> TASK DESCRIPTION: Write out the data exactly, please, and omit the pictures.

> RECORDED DATA:
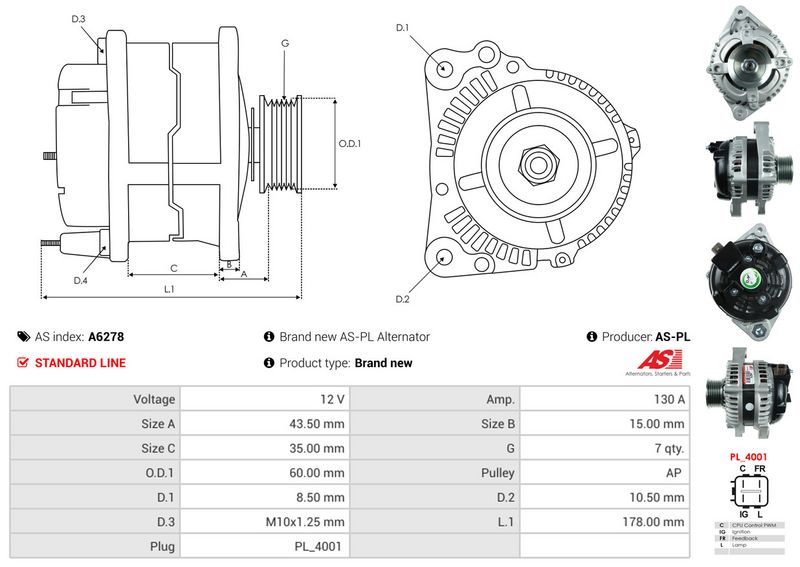 AS-PL A6278 Alternator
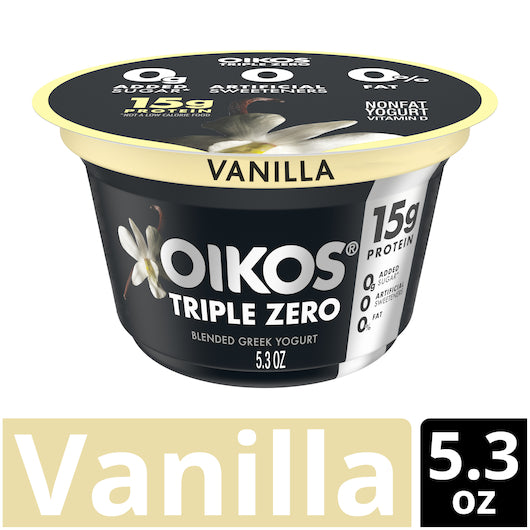 Oikos Triple Zero Nonfat Vanilla Blended Greek Yogurt, 12 x 5.3 oz Case - DOT product image 2
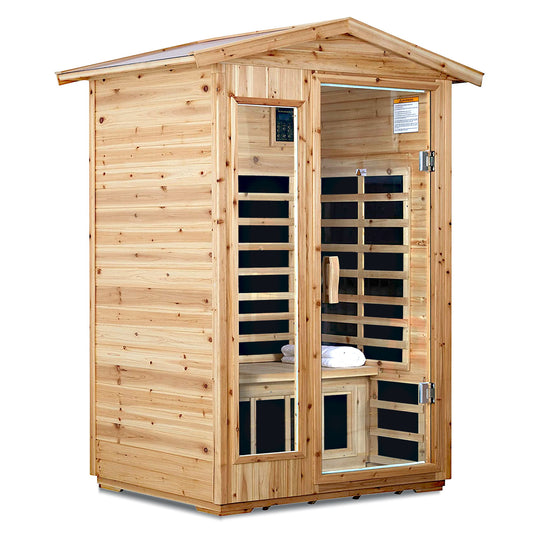 2 Person Far Infrared Old Fir Outdoor Sauna Room - Natural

> ANSWER AREA:
 AS-PL A6278 Alternator
 Oikos Triple Zero Nonfat Vanilla Blended Greek Yogurt, 12 x 5.3 oz Case - DOT product image 2
 2 Person Far Infrared Old Fir Outdoor Sauna Room - Natural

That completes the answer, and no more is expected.